> _DESCRIPTION OF THE TASK_: Print, from the listing below, the lines starting at the line containing "Koyu ahşap arka planda tatlı taze kiraz." and ending at the line containing "2027 Ford F-350SD Lariat DRW", exactly as they stand, and print nothing else.

> _DATA SHOWN_:

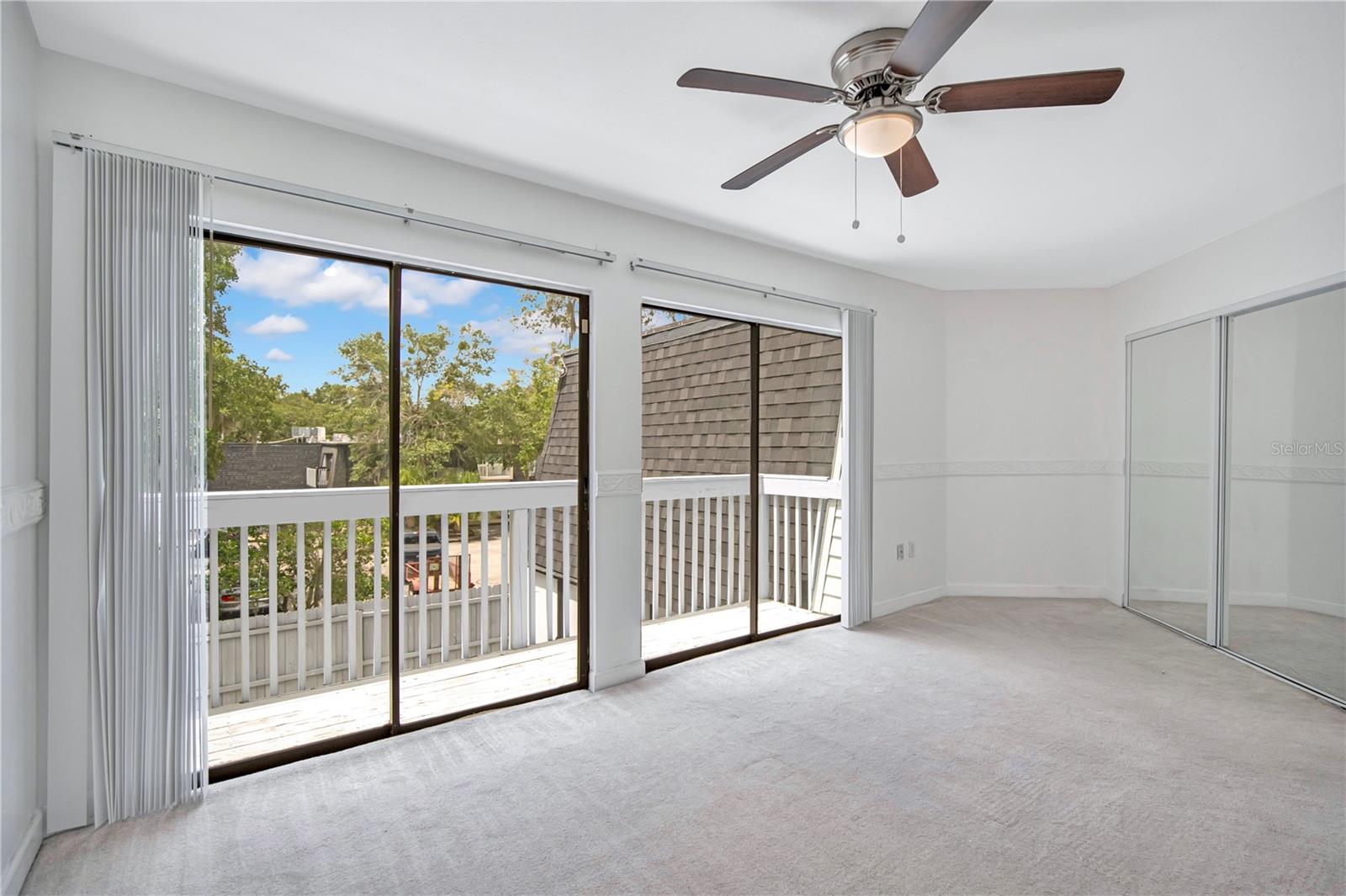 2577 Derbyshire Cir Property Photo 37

...

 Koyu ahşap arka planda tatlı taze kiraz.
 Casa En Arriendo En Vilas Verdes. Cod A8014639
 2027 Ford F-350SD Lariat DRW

> _RESPONSE AREA_:
 Koyu ahşap arka planda tatlı taze kiraz.
 Casa En Arriendo En Vilas Verdes. Cod A8014639
 2027 Ford F-350SD Lariat DRW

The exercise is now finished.